OPTION 3 -- netchess
for windows engines only. netchess not working in ubuntu 13.10

use netChess and Linux and remote engine instructions by Felix King

Running *.exe engines on Linux: ~$ wine engine.exe

Install wine from the distribution's repositories and try running ~$ wine engine.exe. Hopefully that starts the engine. Some engines don't behave so well from the command line, notably Houdini 1.5, but so long as they start up, you're in business.

Performance optimization

- there are two benchmarks you can use: 1) nodes per second 2) time to solve a tricky position.
Engines cache information so, in general, it's one test per login (reboot), or one test, clear the cache (untested ~$ sudo sh -c "sync; echo 3 > /proc/sys/vm/drop_caches").
For nps tests, use stockfish's built-in benchmark tool which works as follows:
~$ ./stockfish bench [hash] [cores] [depth] default depth ...
so something like:
~$ ./stockfish bench 128 8 18 default depth

- change the kernel.

I've measured performance gains with with "low latency" kernels such as Zen kernel. Could compile your own kernel! the engines stockfish, komodo and houdini all have command line tests which benchmark engine speed. one can use these to measure performance of various kernels, aiming to get the highest nps.

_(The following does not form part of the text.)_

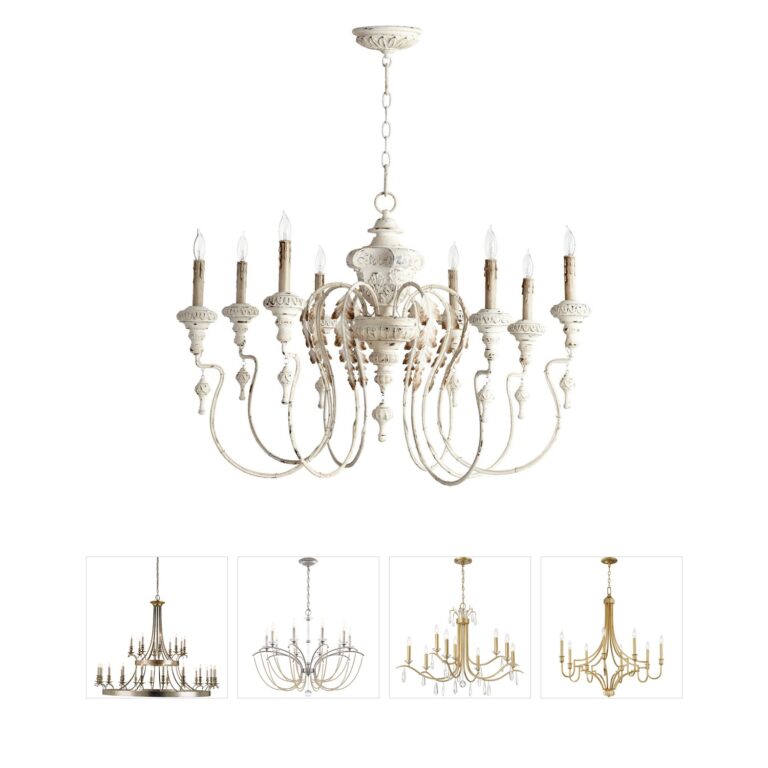 Quorum International Salento 8-Light Persian White Chandelier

- enable large pages on the server? am not sure if these are now part of the mainline kernel

- look around for Oracle and IBM documentation about improve, for example, db performance

- hash size

- stop programs / daemons wasting cpu cycles

- stockfish has compilation settings for various cpus.

Best regards,

Jesse Gersenson jesse in/on/at

to be added to main article

I use Debian and also Xubuntu which is ubuntu with the xfce windows manager. The benefit of xfce is it doesn't (visually) change -- it always looks like windows 98.

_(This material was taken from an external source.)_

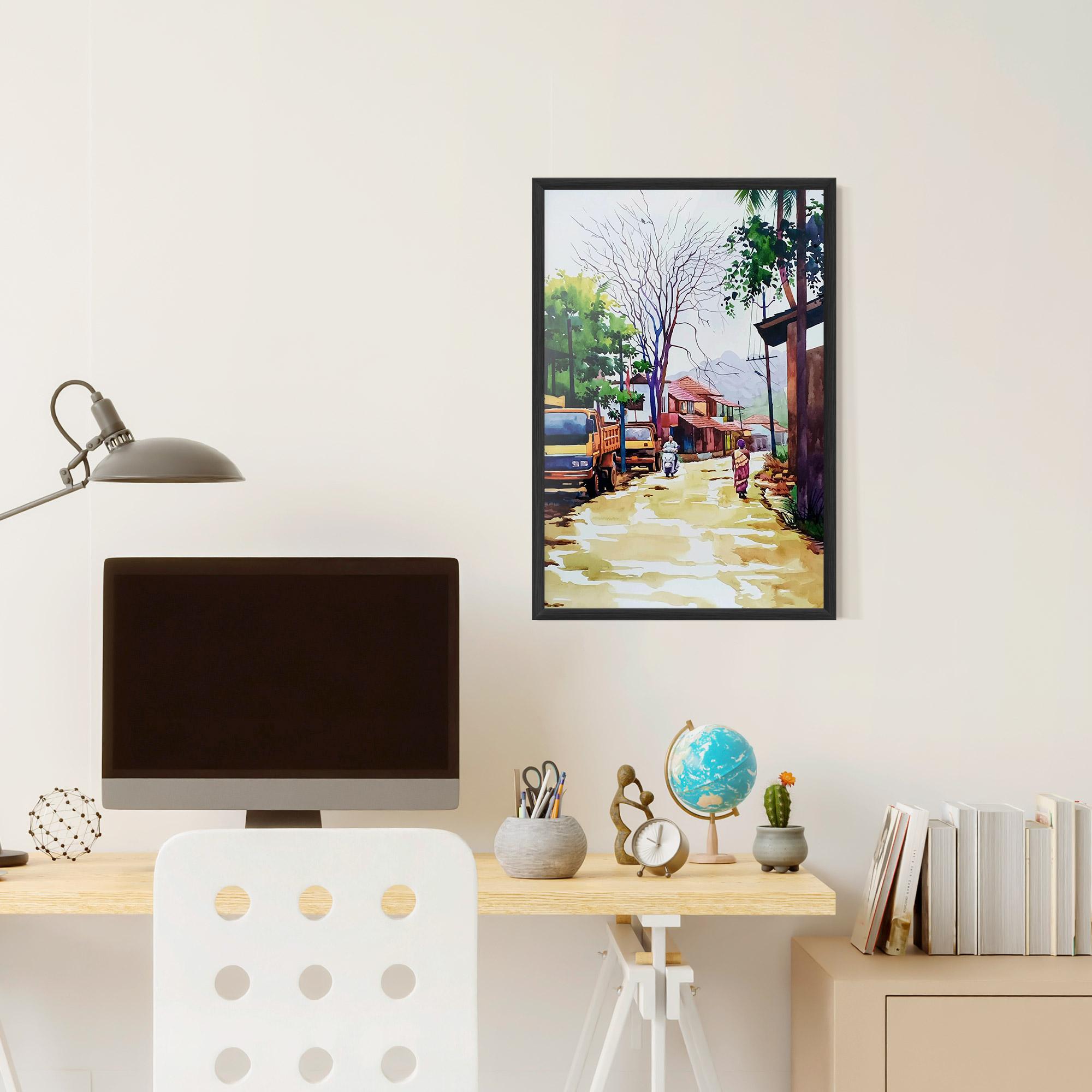 Gerahmte Poster African City mockup 6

Here is the iso for Xubuntu 14.04:

After you install it run these commands from a terminal:
sudo apt-get install wine gufw && sudo gufw

turn the firewall 'on'.

"netchess" doesn't work with current operating systems.

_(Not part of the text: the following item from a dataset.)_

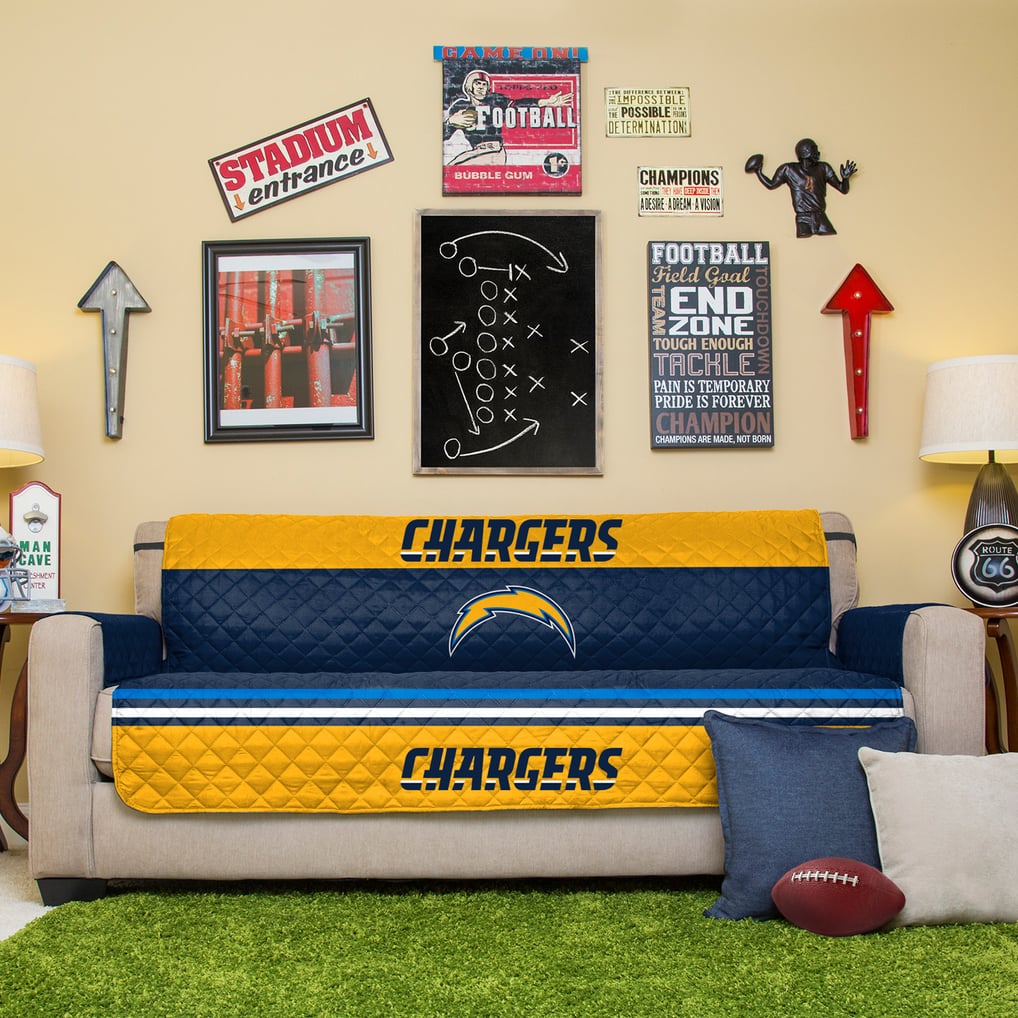 LA Chargers Sofa Protector - Navy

InBetween.exe by Gunnar Malin works.
It is what I use to connect Arena, which is a windows program I run on my linux machine with the command 'wine Arena.exe', to a 24 core linux machine which runs a development version of Komodo.

InBetween has two files.. InBetween.exe and InBetween.ini. One is the executable and the *.ini file is a text file you must edit. Note, you can change the name from InBetween to something else but make sure the base filename is the same, ex. MyNewEngine.exe & MyNewEngine.ini

1. Stick both InBetween files in a folder. And in the folder also put plink.exe.
2. install an ssh server on your linux machine, in xubuntu you do this with the command:
sudo apt-get install openssh-server

3. make sure ssh is working by trying to connect to your machine with this command (change 'yourusename' to your actual username):
ssh yourusername@localhost

you should be prompted for your password. enter it and you'll get some 'thanks for connecting' text and a command prompt. type exit to close the connection and return to your non-ssh command prompt.

4. set up InBetween.ini. Here is an example:
Priority := high
CommandLine := PLINK.EXE -ssh -pw SecretPassword USERNAME@localhost "/home/USERNAME/linux-engine"

The text in bold face will be changed; replace SecretPassword with your actual password and change USERNAME to your USERNAME and linux-engine with be komodo-10.1-linux or stockfish_15082821_32bit or something similar...

5. run "wine InBetween.exe" from the command line and answer 'y' when asked to cache the machine key.
6. In Aquarium, or any windows based GUI, use InBetween.exe as your engine.